A presença de Nitrofurantoína (substância ativa) na urina pode resultar em reação falso-positiva para glicosúria, quando são utilizadas as soluções de Benedict e Fehling, mas não com o teste enzimático.

Precauções do Nitrofurantoína

Eventos adversos pulmonares agudos, subagudos e crônicos foram observados em pacientes tratados com a Nitrofurantoína (substância ativa). Dentre os eventos crônicos, pneumonia intersticial ou fibrose pulmonar podem se desenvolver de maneira insidiosa em pacientes recebendo tratamento por mais de seis meses.

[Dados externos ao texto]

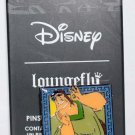 Loungefly Disney Emperor's New Groove Shapes Blind Box Pin Pacha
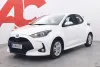 Toyota Yaris 1,5 Hybrid Active - Adapt. vakkari / Kamera / Älyavain / Navi / Toyota Approved-vaihtoauto Thumbnail 1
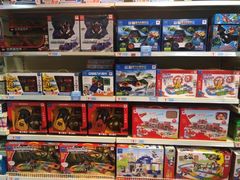 -世纪联华(临平邱山店)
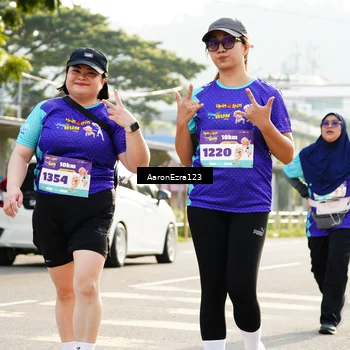 Runner Photo 8285331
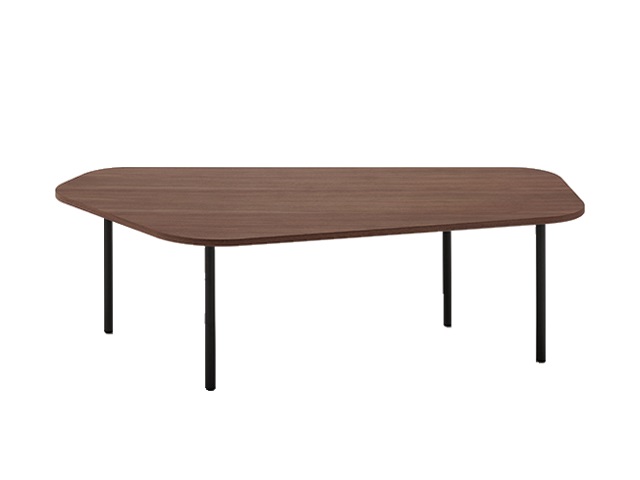 QUARTZ center table クオーツセンターテーブル bellacontte ベラコンテ/ローテーブル タイスデザイン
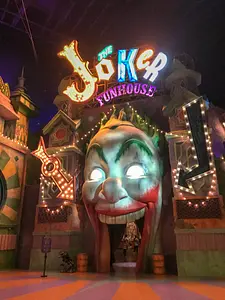 Photo of Joker Funhouse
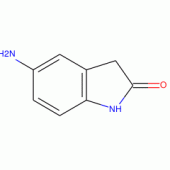 5-Amino-1,3-dihydro-2H-indol-2-one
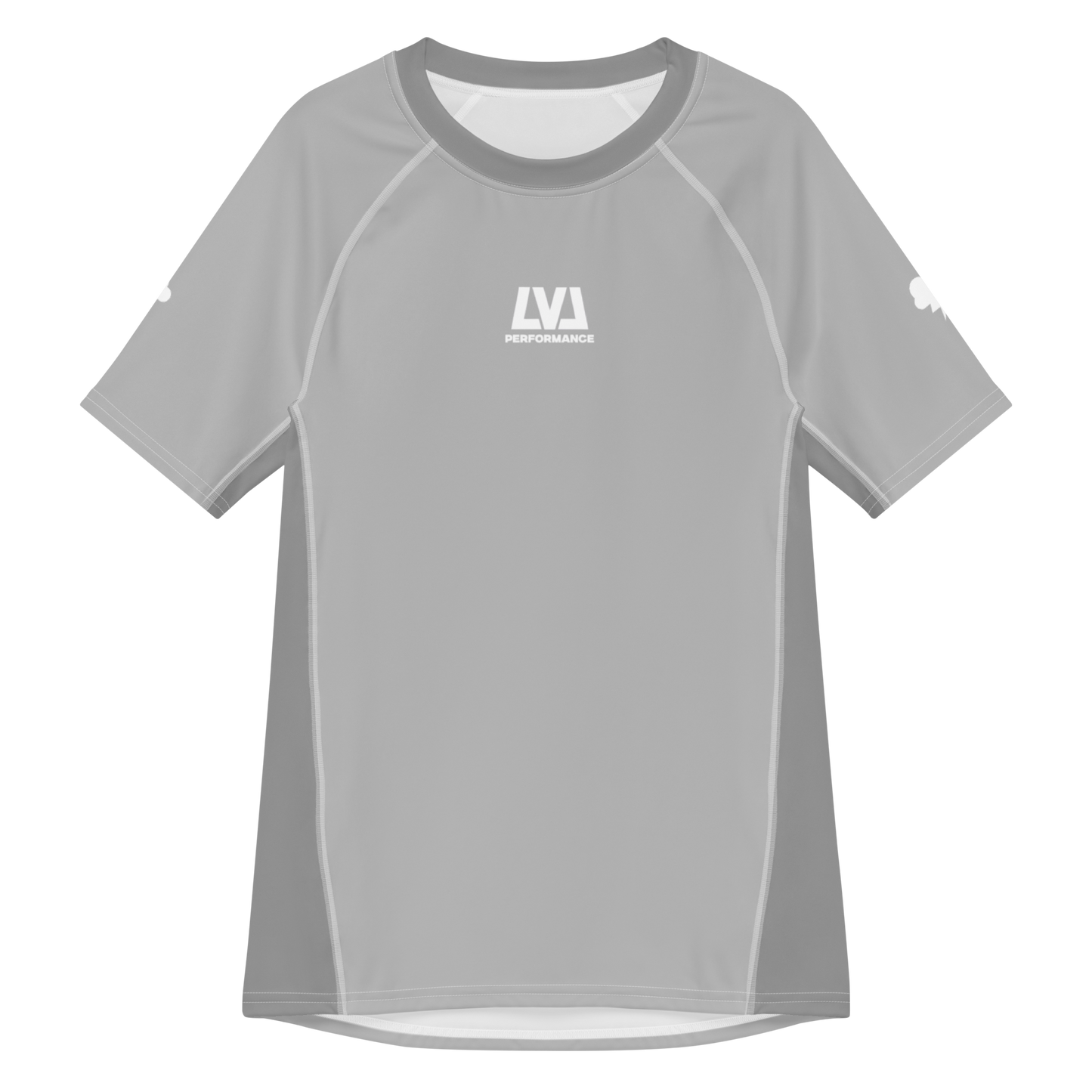 CLASSIC | Mens Short Sleeve Rashguard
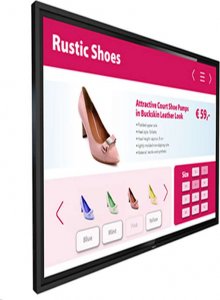 Monitor Philips T-Line 43BDL3651T/00 2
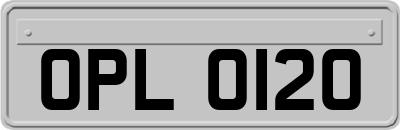 OPL0120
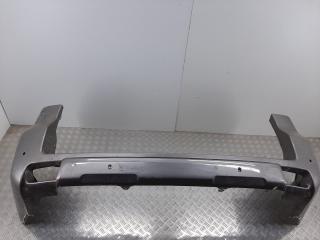 бампер задний Toyota Land Cruiser Prado 4 поколение J150 [2-й рестайлинг] 2018, 52159-6088
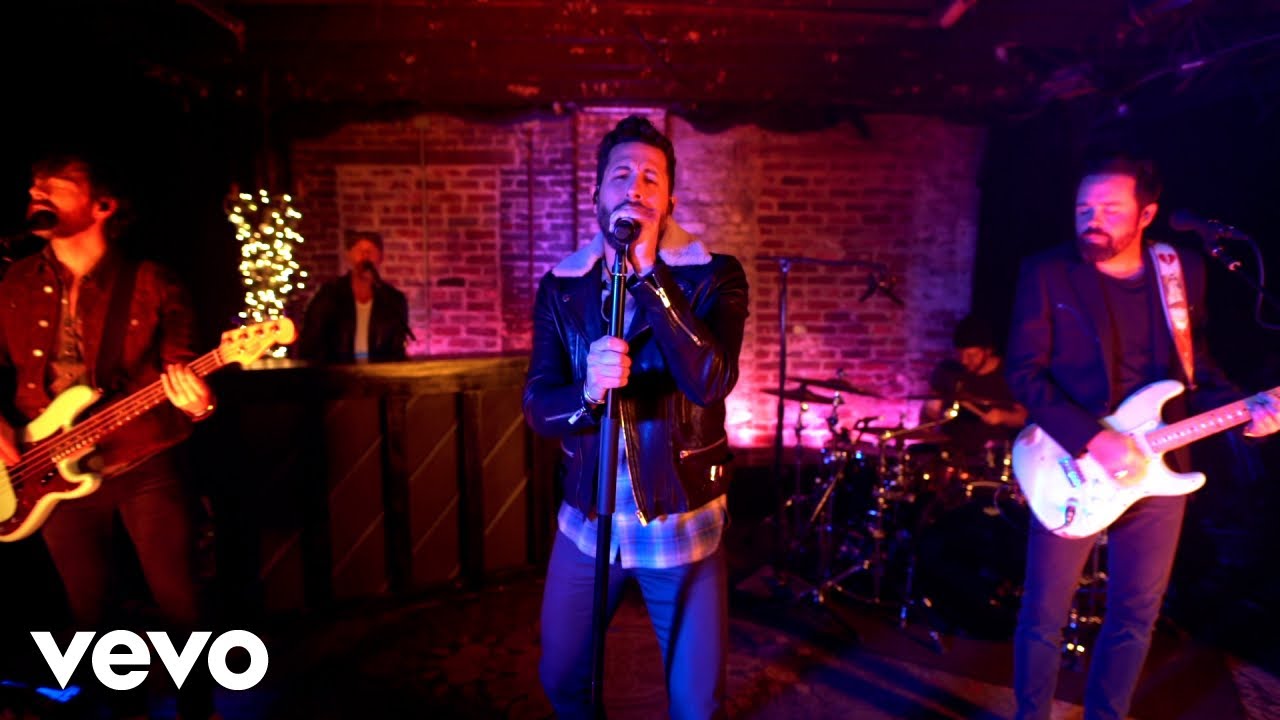Old Dominion - Never Be Sorry - Save Our Stages (Live)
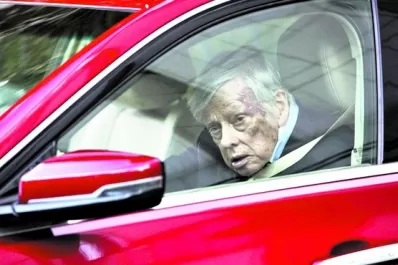 Suspenden la emisión de nueva deuda argentina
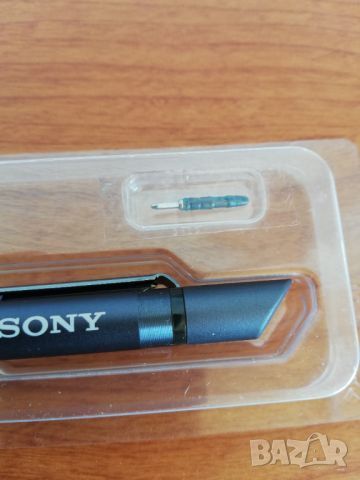 Sony Digitizer Stylus VGP-STD2, снимка 5 - Друга електроника - 45804430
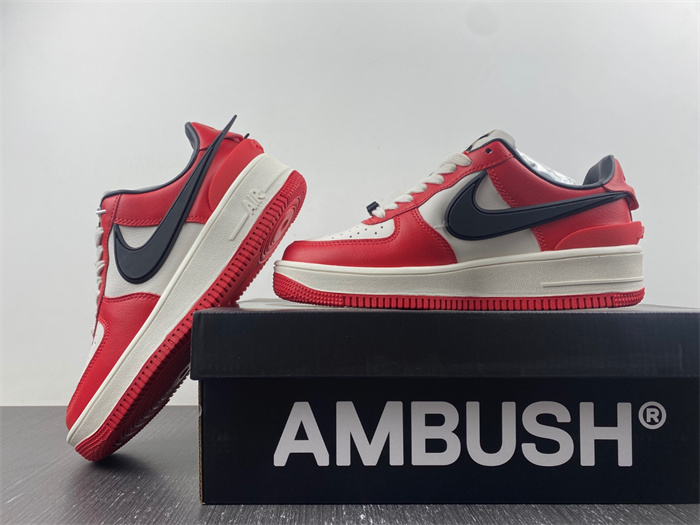 AMBush x Nike Air Force 1 Low DV3464-005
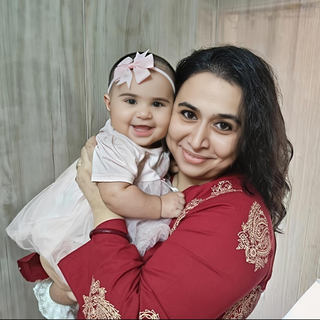 Raising Her Right: A Mom’s Quiet Choices That Shaped Her Baby Girl’s World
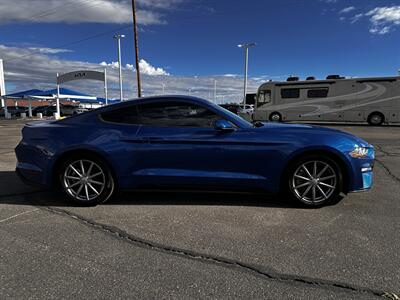 2018 Ford Mustang EcoBoost Premium - Photo 3 - Lake Havasu City, AZ 86403
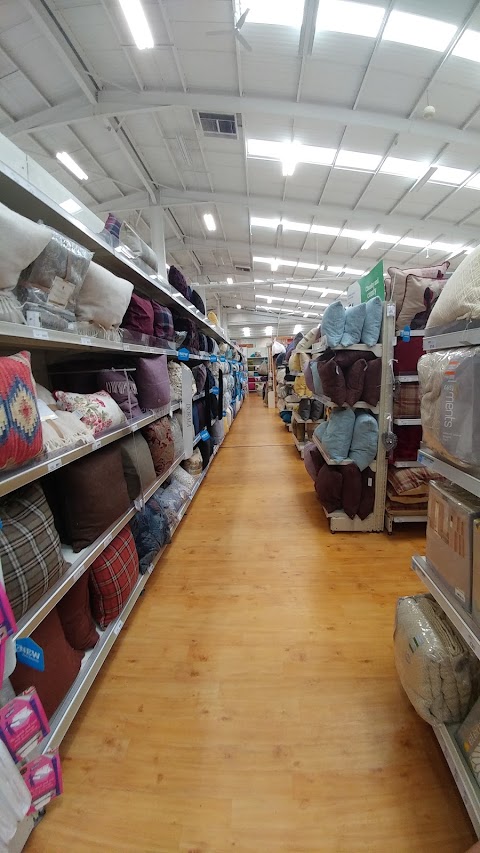 Dunelm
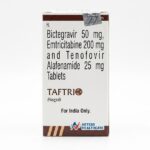 Taftrio Tablet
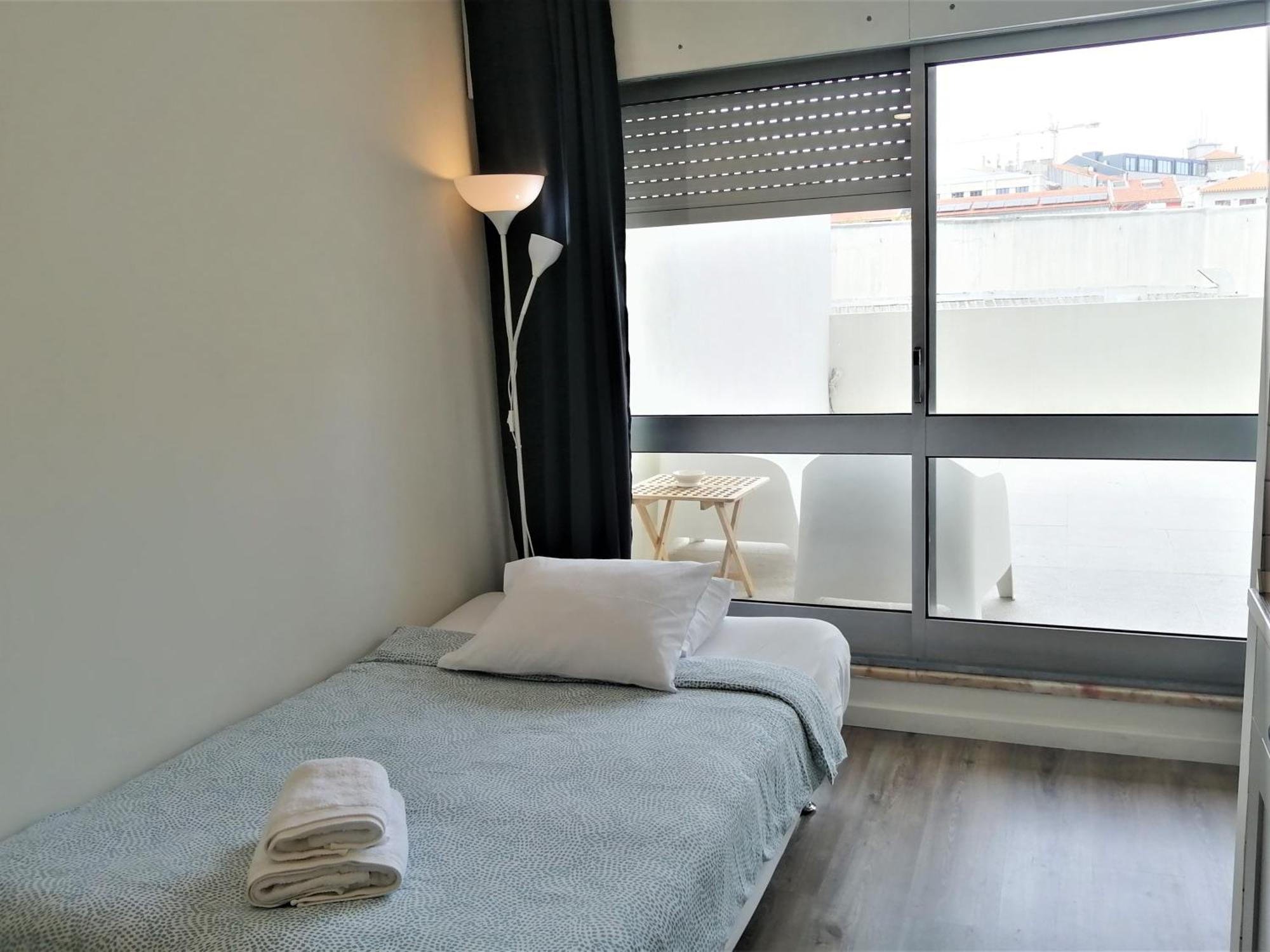 Touring Apartment Porto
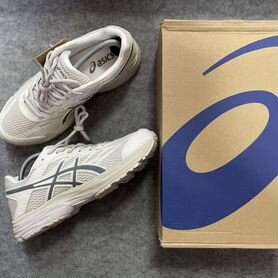 Кроссовки asics gel flux 4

Recomenda-se a monitorização das condições pulmonares de pacientes em tratamento prolongado com Nitrofurantoína (substância ativa). Caso ocorram doenças pulmonares, o tratamento deverá ser suspenso e deverão ser tomadas as medidas apropriadas.

Casos de anemia hemolítica, semelhantes aos que ocorrem por sensibilidade à primaquina, foram relatados. Em qualquer sinal de hemólise, é indicada a suspensão do tratamento, pois a anemia é reversível com a retirada do medicamento.

Neuropatia periférica poderá raramente ocorrer em pacientes portadores de diabetes mellitus, deficiência de vitaminas do complexo B, nefropatia, doença hepática, anemia e doenças debilitantes. A redução posológica ou a suspensão do medicamento geralmente promove a reversão desse quadro clínico.

Eventos adversos hepáticos, incluindo hepatite, doença hepática tóxica com colestase e necrose hepática podem ocorrer raramente. Os pacientes devem ser periodicamente monitorados com testes bioquímicos para avaliação da função hepática e, se aparecerem anormalidades, o tratamento deve ser imediatamente interrompido e as medidas apropriadas deverão ser tomadas.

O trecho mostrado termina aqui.